Firm Watch
Aug. 6, 2002
Firm Celebrates Anniversary of Merger With a Pair of Parties
When law firm partners describe successful mergers, they talk about things like synergy, cultural fits and cross-selling. So it's not surprising that those words have been in the vocabulary of two of the architects of Lillick & Charles' merger with Nixon Peabody last year.
When law firm partners describe successful mergers, they talk about things like synergy, cultural fits and cross-selling. So it's not surprising that those words have been in the vocabulary of two of the architects of Lillick & Charles' merger with Nixon Peabody last year.

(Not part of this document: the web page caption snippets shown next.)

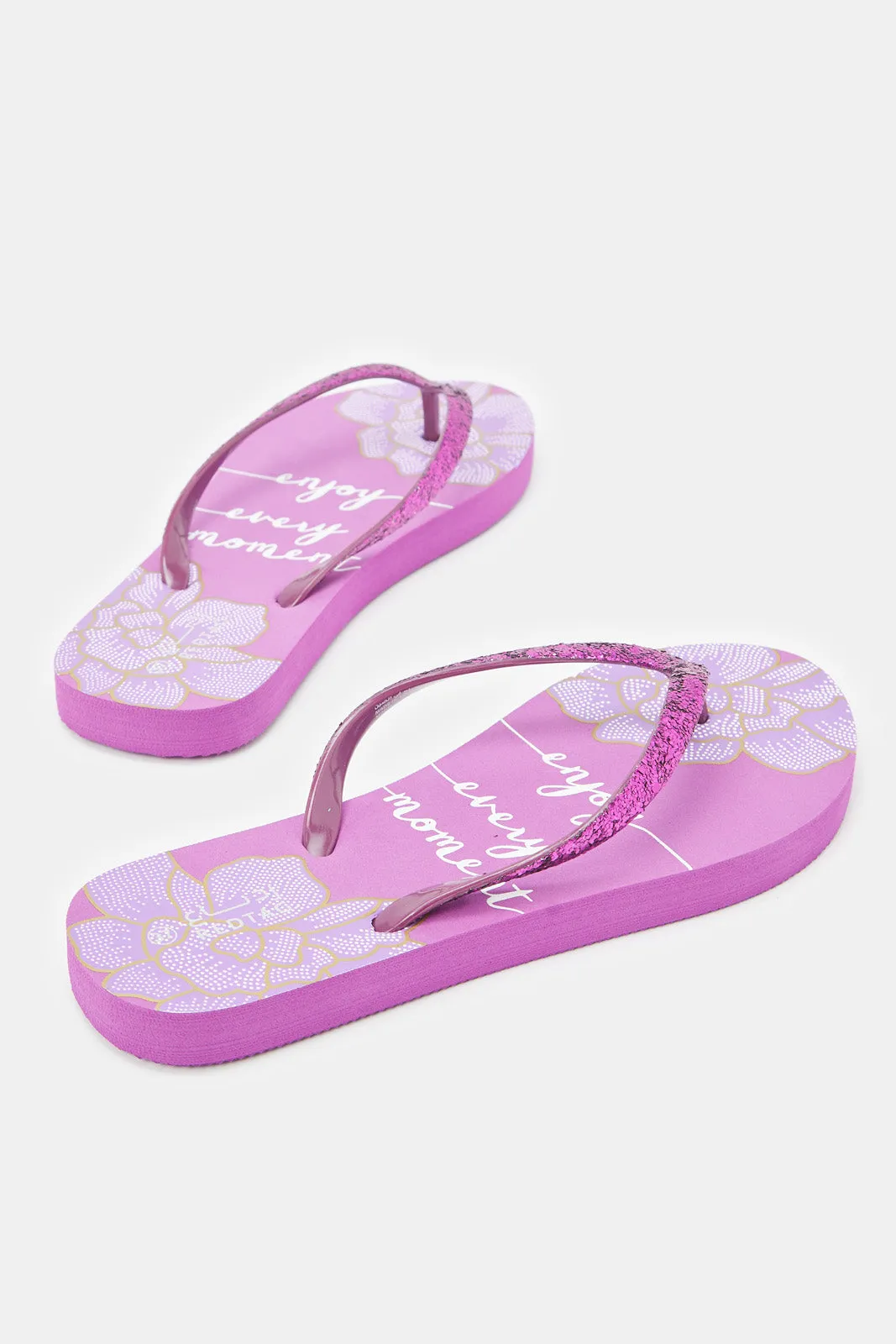 Women Purple Slogan Flip Flop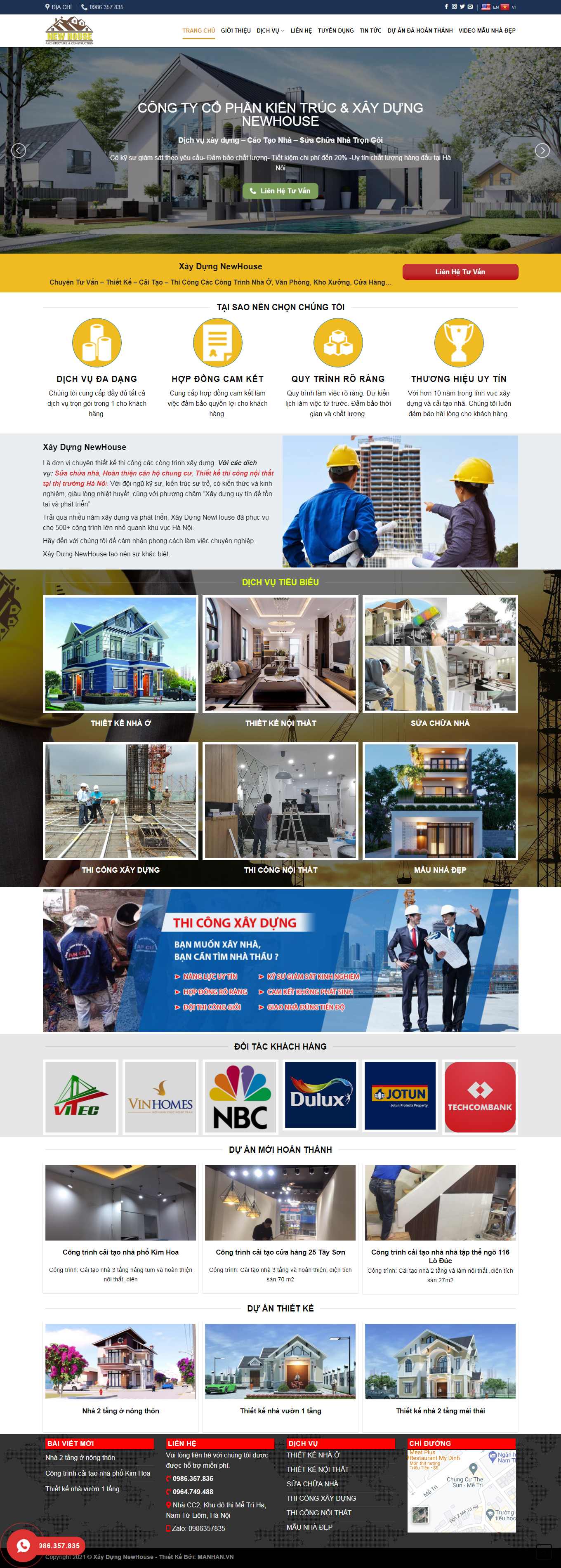 Thiết kế Web bán sơn nước, sơn tĩnh điện xaydungnewhouse.com.vn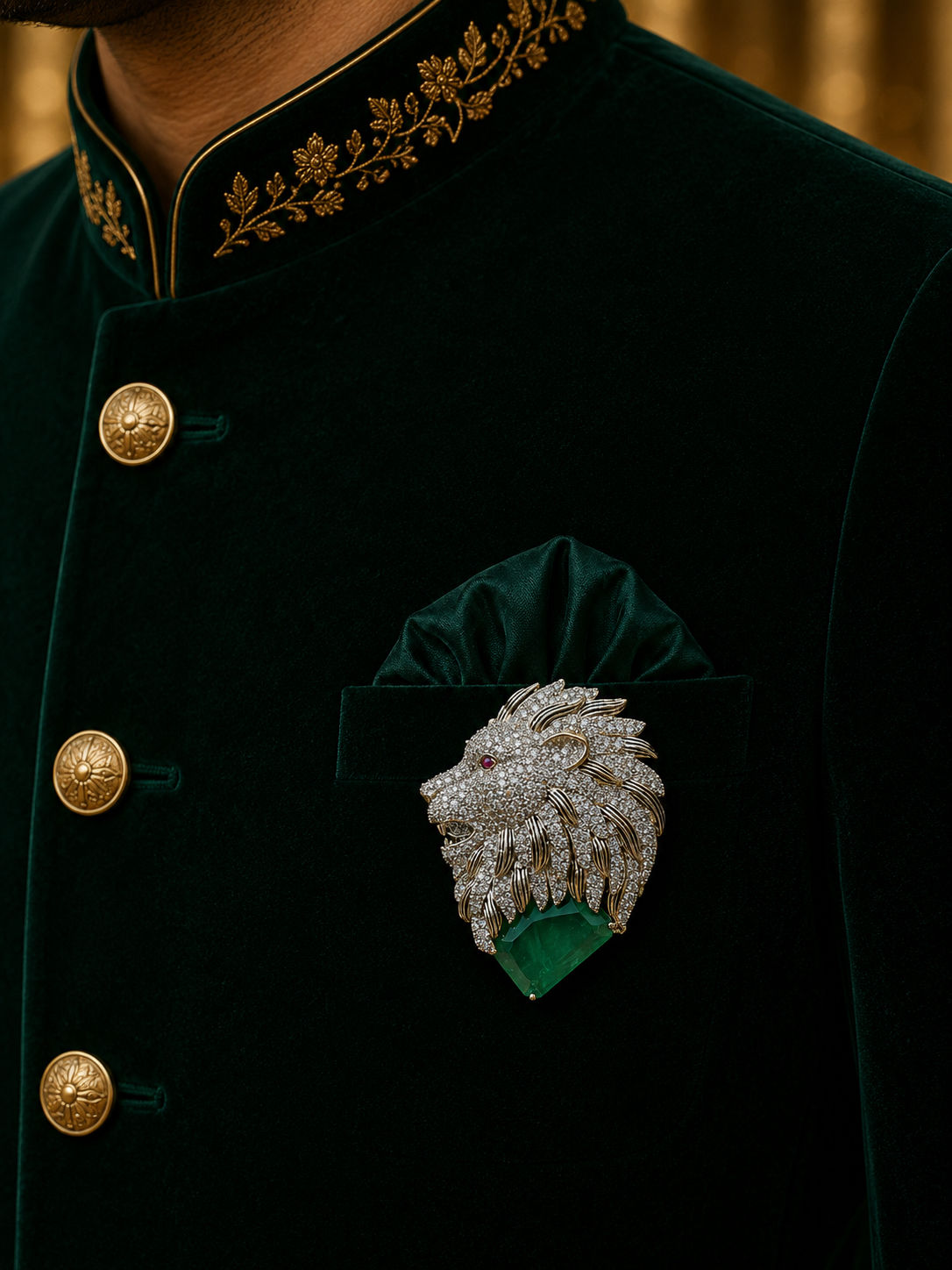 The Emerald Roar Brooch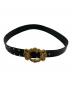DOLCE & GABBANA (ドルチェ＆ガッバーナ) レザーベルト バロックエンジェルロゴバックル ブラック サイズ:95cm：13000円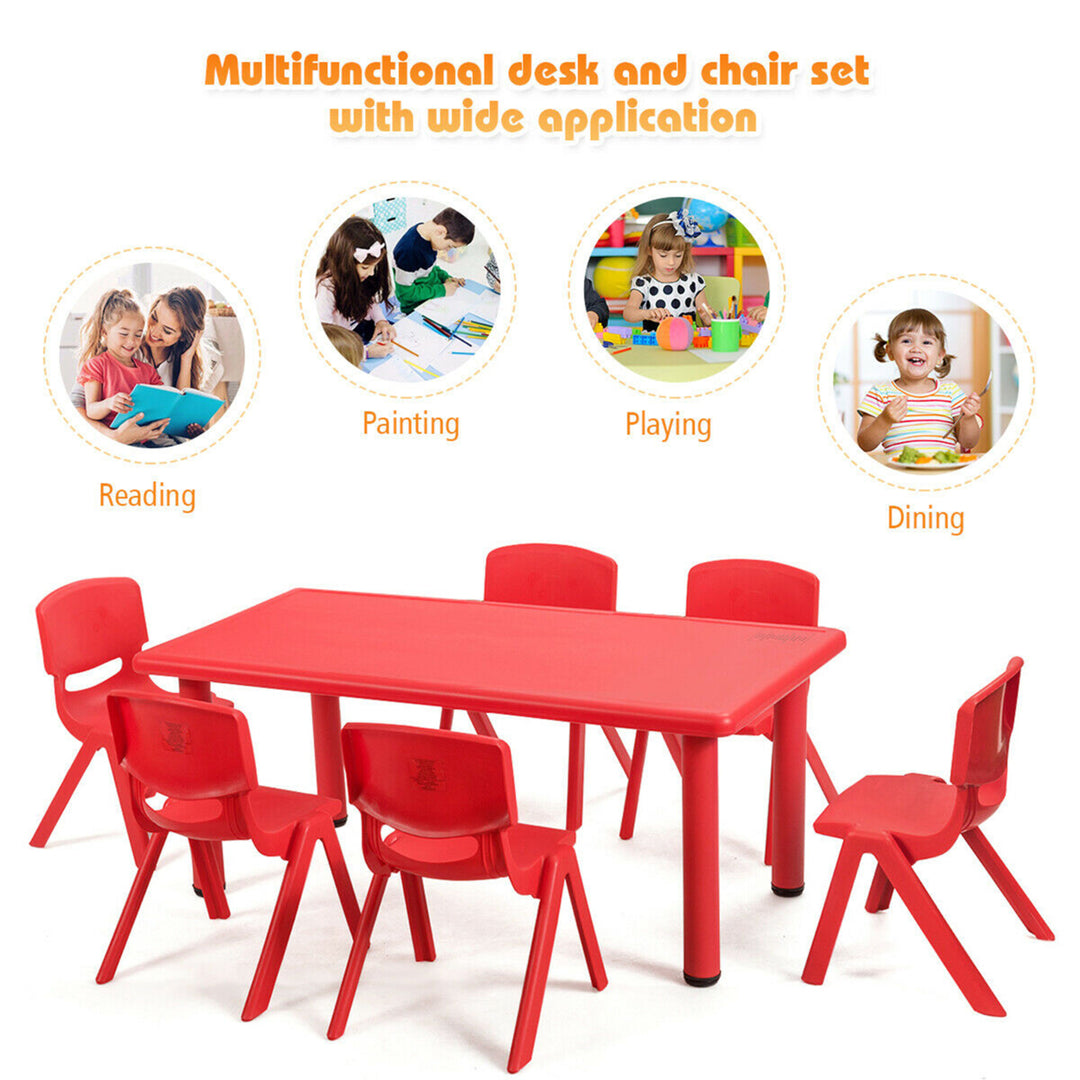 6-pack Kids Plastic Stackable Classroom Chairs Indoor/Outdoor Kindergarten Red Image 9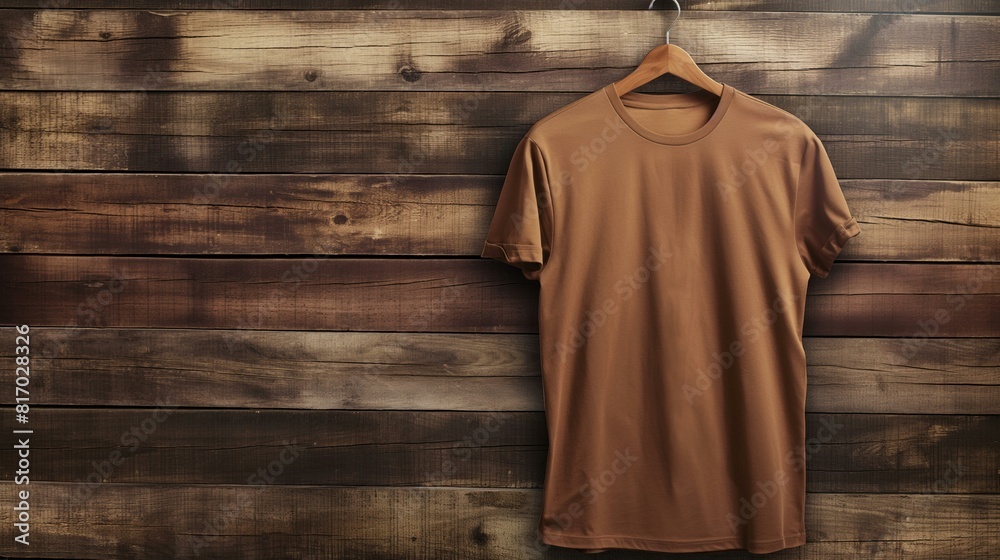 Blank Brown T-Shirt Hanging on Wooden Wall Background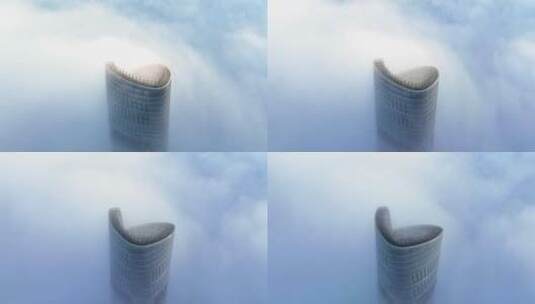 航拍上海中心大厦-日出云海平流雾高清在线视频素材下载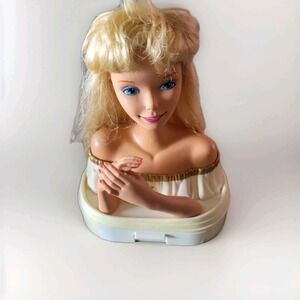 Rare! Blonde 1988 MATTEL BARBIE Head Bust Make Up Jewelry Box with Drawer READ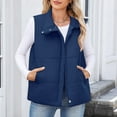 thumbnail image 5 of Hueook Womens Winter Jacket Women's Fashion Solid Color Sleeveless Jacket Sleeveless Jacket Navy L, 5 of 7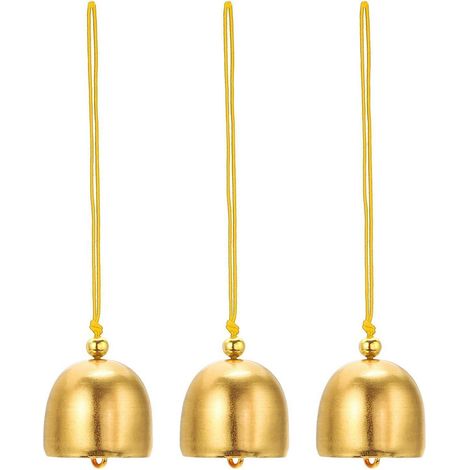 3er Set Windspiel Metall Retro Chinesische Glocken Goldgelb 13cm Länge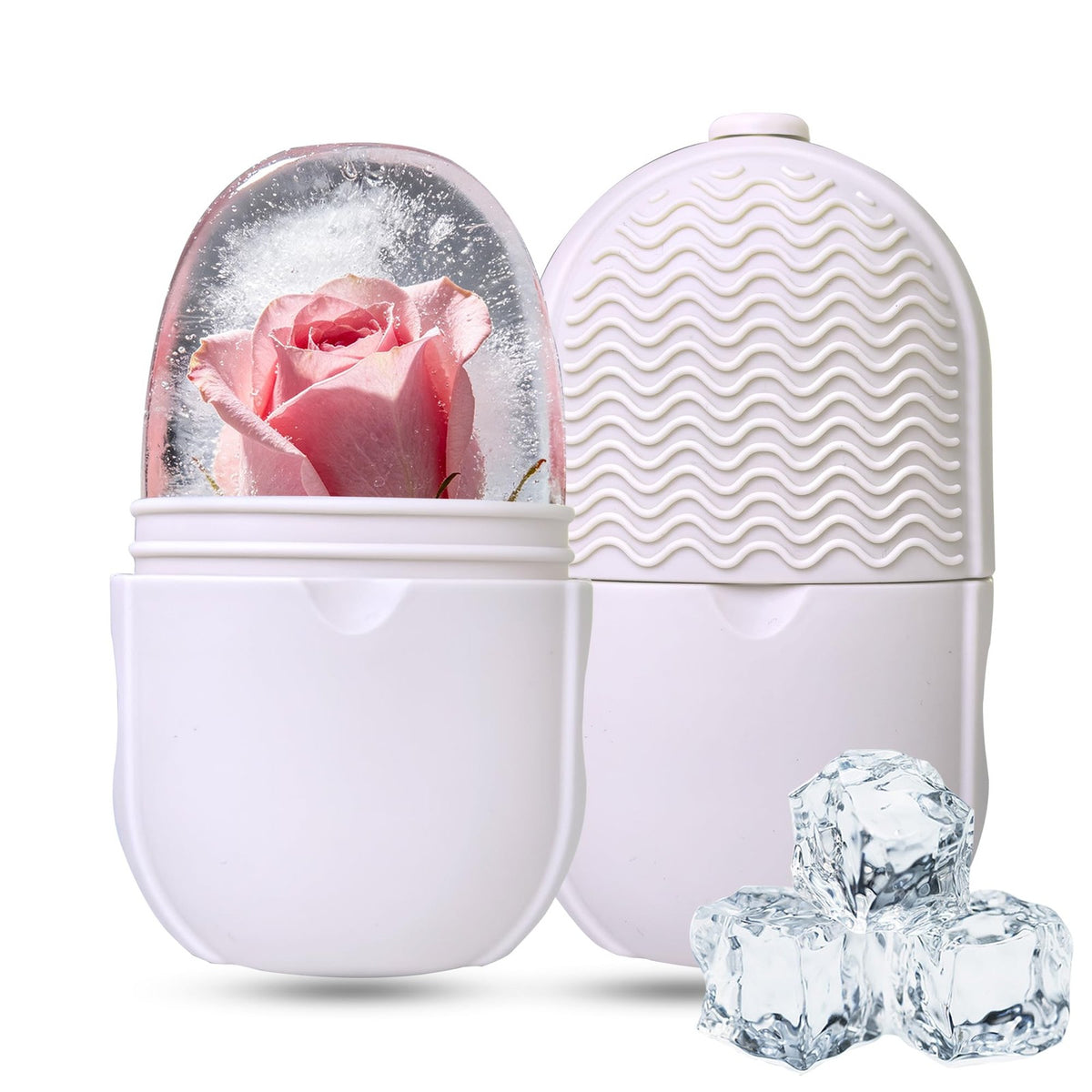 Face Ice Roller for Puffiness and Skin Care - Reusable Silicone Beige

Lillick & Charles, a venerable 104-year-old San Francisco institution, wedded the much larger, East Coast-based Nixon Peabody on Aug. 1, 2001. Last week, the firm celebrated its one-year anniversary with parties in San Francisco and Orange County.
So far, the merger has worked for all the right reasons, according to John Rosenthal, the former managing partner of the 80-lawyer Lillick & Charles, and Richard Hoffman, the managing partner of Nixon Peabody's San Francisco and Orange County offices.
Lillick, Hoffman says, was facing something common at many smaller firms: It just didn't have enough lawyers, staff and offices "to cover everything equally well."
It also was having a hard time attracting associates and lateral partners, at a time, two years ago, when lawyers weren't flocking to midsize firms.
Finally, he says, many of the firm's large, institutional clients were based on the East Coast, and they kept saying things like, "If only you had an office here."
From the perspective of the two California lawyers, those problems are resolved at the 550-lawyer Nixon Peabody.
The firm has a huge East Coast presence, with offices in New York, Boston, Washington, D.C., Rochester, and eight smaller towns. Those offices, and the sheer size of the firm, attracted new clients to the California lawyers.
"People uniformly have found that the larger-firm format has opened doors," says Rosenthal, who is the co-chair of Nixon's 230-lawyer business and technology group.
Rosenthal, for instance, credits the merger for one of the firm's newest clients, the California power authority. In a much larger firm, the partners in San Francisco were able to attract Howard Golub, the former general counsel at Pacific Gas & Electric, to their office. Golub in turn wooed the state agency.
"Howard probably wouldn't have come without the merger," Rosenthal says.
Nixon also is attracting attention among partners and associates looking to move.
"A lot of people were attracted here when it was a bigger firm," Rosenthal says, referring to the days before 200 Los Angeles partners broke off from Lillick & Charles to form Lillick & McHose in the 1980s.
The same, he says, may be true again.
In the past few months, Nixon's California offices have picked up two lateral partners in real estate and energy law. The firm also has convinced two of its East Coast partners to move West, and in the last year, Nixon Peabody has lost only one partner, who left just before the merger to form his own small firm.
Nixon Peabody also upped associate salaries to $105,000 for first-years. With bonuses and lower-than-average billable-hour requirements of 1,850 hours, that salary matches what's paid elsewhere, Rosenthal says.
Next year, Hoffman says, he wouldn't be surprised if Nixon's California offices grew 10 percent to 20 percent. Nixon Peabody likely will add lawyers in Orange County and is eyeing West Los Angeles, where it eventually may open a new outpost.
The Lillick & Charles partners also realized another benefit in the past year. Nixon is large enough to avoid the cyclical ups and downs of a smaller firm. Diverse practices such as litigation, bankruptcy and finance work, for instance, buoyed practices like business and technology.
On the most objective level, revenues are up. In 2001, the firm saw its revenues rise 7 percent to $244 million.
Average profits per partner are $430,000, according to published reports.
"The average has definitely gone up," Hoffman says of profits for former Lillick partners. "People are pleased."
One unexpected setback came after Sept. 11. The Lillick & Charles lawyers were set to celebrate their new look at a party for clients on Sept. 14.
Understandably, Rosenthal says, "people weren't really open to you coming by and saying, 'Let me tell you about my new firm.'"
The event was canceled and rescheduled for December. That month was more celebratory, as several hundred lawyers and clients partied at San Francisco's Legion of Honor museum.
Although the Lillick & Charles lawyers found new work "right out of the shoot," Hoffman predicts that the benefits of the merger really will be felt in the next 18 months to three years.
"It's accelerating," he says. "Many people's practices are rejuvenated and stepped up. It's kind of like having a new job."